Can you confirm or debunk an urban legend? I heard before that Sting the wrestler trademarked the name before the Sting the singer did and Steve Borden leases the name to him for one dollar per year. Kind of like a gentleman’s agreement.

This is at least partly true.

The bit about Sting the wrestler registering a trademark prior to Sting the singer appears to be accurate, at least in the United States. (Keep in mind that Gordon Sumner, the singer, is British.) Anybody can go online and run a search of all trademarks registered in the U.S. through the Patent and Trademark Office’s TESS service.

I ran the word “Sting” through that search engine, and there is an entry which shows that a gentleman by the name of S.L Borden, the wrestler’s real name, has registered the trademark “Sting” for use in the provision of “entertainment services, namely live and televised performances by a professional wrestler/entertainer.” This registration was made in 1995 with a statement that the “Sting” name was first used in commerce in 1986.

Meanwhile, there is no indication that Sting the singer has ever registered a trademark for his name in the United States.
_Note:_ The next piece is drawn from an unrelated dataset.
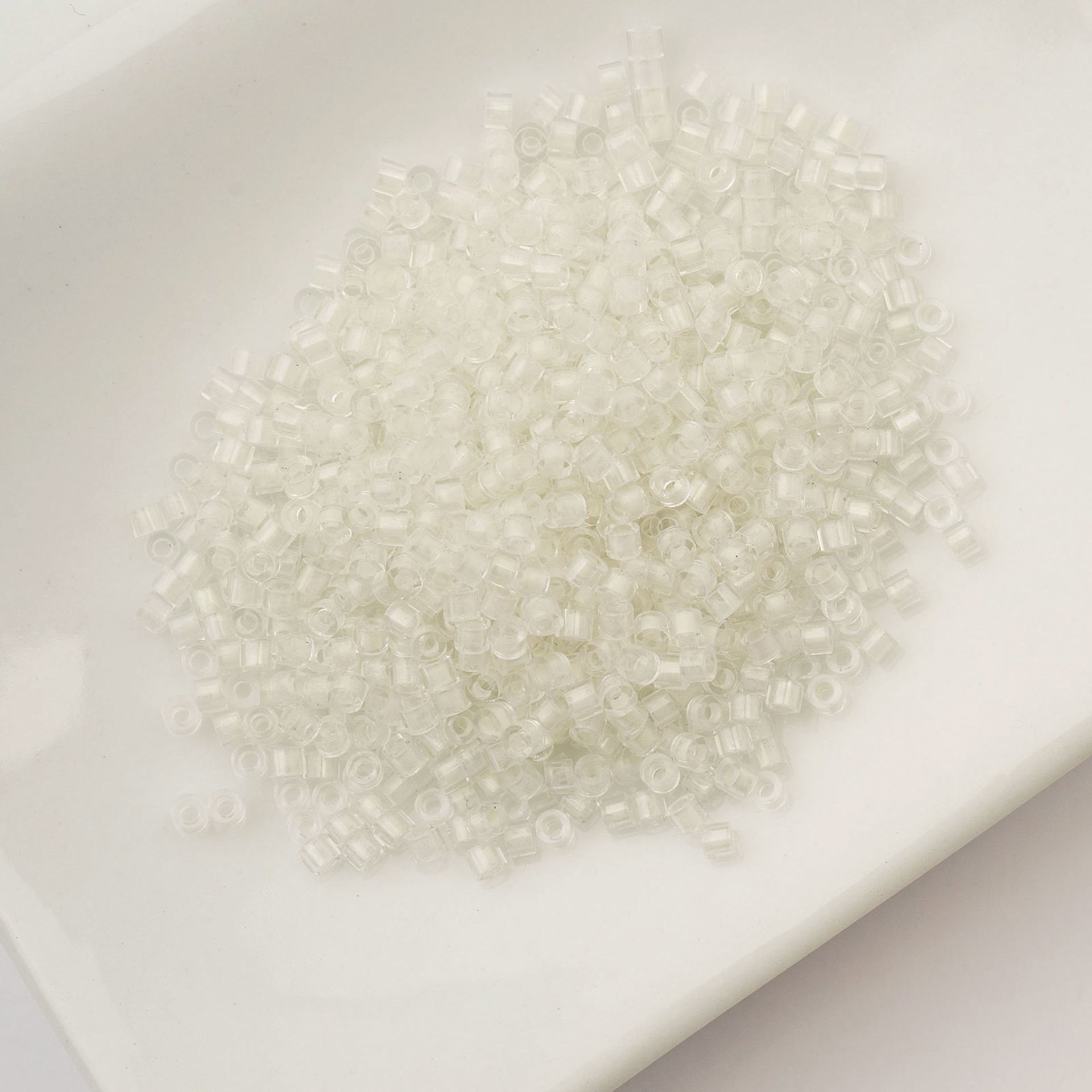 John Bead Cylin 11/0 Glow in the Dark Cylindrical Seed Beads - White to Green, 25g sitting in dish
Though it is true that Sting the wrestler appears to have secured registration for that name prior to Sting the singer, I’ve been able to find no credible source which says that the wrestler licenses the name to the singer for $1 per year or any other amount of money. Yes, there are some websites which make this claim, but I’ve not seen any of them present backing documentation that seems legitimate. If anybody is aware of a source that I’m missing, please let me know.
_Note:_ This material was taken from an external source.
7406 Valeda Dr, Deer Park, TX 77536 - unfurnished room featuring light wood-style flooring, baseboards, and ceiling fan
It should be noted that it’s not even necessary for the wrestler to license the name to the singer in order for the two men to use it simultaneously. In fact, it’s possible that the singer could register a trademark for his name as well and the two men could hold the two trademarks simultaneously. When you register a trademark, it’s not as though you have the sole right to use the mark and nobody else can use it at all without asking your permission. When you register the trademark, you register it in connection with a particular purpose, and, if somebody else wants to use the same mark for another purpose and there is no indication that the two uses would result in confusion in the marketplace, then they could coexist.

Thus, if the Sting the singer did try to register his trademark and registered it in connection with music or similar services as opposed to registering it in connection with live and television professional wrestling performances, there’s a chance that it could still go through. Granted, it’s not as clear cut a case as someone who might want to register the word “Sting” to promote cat food or something else totally unrelated to the entertainment industry, but it is technically possible.

Also, just because Sting the wrestler owns the rights to the trademark, it doesn’t mean that he has to formally license the name to Sting the singer in order for the musician to use it. The singer could use it without a licensing agreement if the wrestler just decided not to enforce his trademark rights. Granted, this is a bit risky, because there are circumstances under which a person can lose their trademark protection if they do not defend the trademark from competing uses, but that might not be much of a concern here given that Sting the singer’s use of the name predates the wrestler’s use of the name and the singer is by far the more popular of the two. This means that Sting the wrestler would be permitting a preexisting use of the name, which is less likely to be seen as an abandonment of the rights that he does have.

And that’s probably far more than you wanted to know about the intersection of the lives of Steve Borden and Gordon Sumner. (I also inadvertently typed “lives” as “loves” in my first draft of this article, which would be the answer to a totally different question.)

APinOZ‘s real name is Lucky Pierre:

When wrestlers compete in a Triple Threat match, all three workers compete at the same time. However, in a Triple Threat tag team match, there are only two guys in the match at a time. Why don’t Triple Threat tag matches have a member from each team in the ring together?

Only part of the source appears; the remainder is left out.